What could we blend as resources for a lesson on cell mitosis or The Battle of Antietam or character irony or . . .?


The time is right for developing Web 2.0 capacity in Carteret County as our school system’s laptop learning initiative and Patrick Keough’s iTunes U at the community college roll out simultaneously.

Here then are some comments from our K-12 laptop learning crew as to what Web 2.0 audiocasts could mean for teaching and learning . . .

ANNA: Students are using MP3 players to download and listen to music. It is not much of a stretch to see students downloading and listening to content information now and in the future.

ELLEN: I can envision children in elementary school listening to friends (and others) sharing book reports or special projects, reading to one another, learning from community helpers by hearing their voices.

AMY: I believe that this is the future of education. Students being able to go to class anywhere without actually attending a set location. Also this will allow flexible schedules for students and teachers. We could even go as far and flexible high schools. Also it allows for students that need to hear a lecture or explaination more than once to do just that.

DI: I can see in my mind how podcasts, MP3 players and blogging can be resourceful tools for students and teachers. But with guidance and understanding of safety of course. In the elementary settings I agree with Ellen that students will truly enjoy sharing their works with others.

BECKY: Keeping in mind that we are dealing with seventh graders, after they realized that they would not be able to see their friends on a regular basis and socialize they quickly started to change their mind. One student bought up the point, they like being able to interact with teacher’s face to face and they don’t feel like they would learn as much or be able to pay attention when their classes weren’t face to face.

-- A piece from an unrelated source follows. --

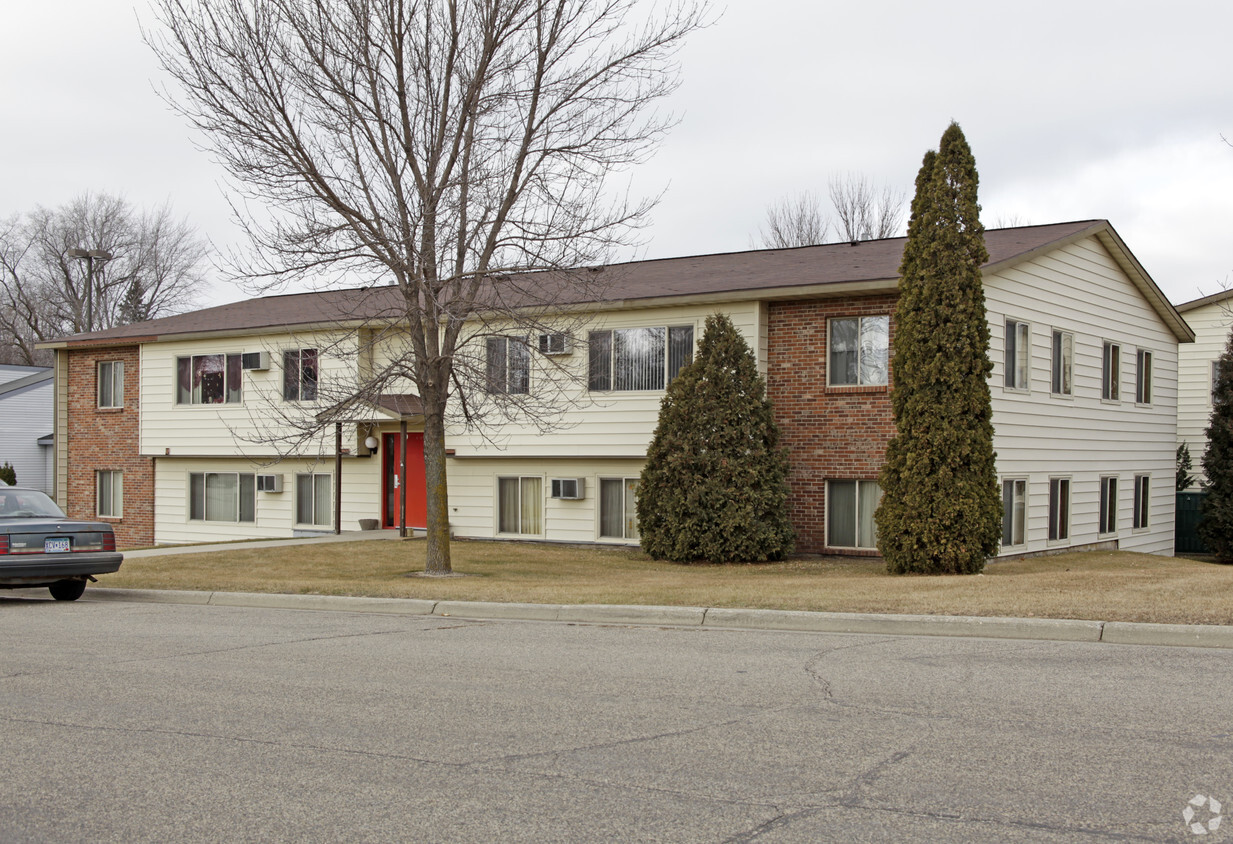 Building Photo - 404 10th St S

MILLIE: Audiocasts provide today’s educators with valuable information that can be transferred to the classroom. If you’re interested in a topic, Web 2.0 is guaranteed to produce a conversation about it. The information will most likely be current and correct. That information can be absorbed at any hour while doing any number of things (driving down the road, walking on the treadmill, waiting for the kids to finish soccer practice). The concept is two-fold…if the educator learns from the information that is heard, then he/she will realize that students can learn that way, too! The adult who has been given the opportunity, because they have been provided the necessary tools, can transfer that knowledge to his/her students and gain impressive results!

JANET: Many celebrities and politicians are creating blogs and podcasts because they realize it is the way to reach many of our youth.

PATRICK KEOUGH: I can tell by reading your blog and our conversation yesterday that we are on similar tracks when it comes to instructional technology and exploring new, and creative ways to teach students (and upgrade faculty) using innovative (alternative) instructional methodology.

DAVID WARLICK: As I read through these comments, and recall when, where, and how I listened to the (Will Richardson) interview, I was struck by the fact that we, from different parts of the state (and world) and at different times, were able to experience an event and then later exchange our insights in such a loosely convenient and powerfully connected way. What a potent learning environment this is, that is emerging! Our students need so much to be a part of this.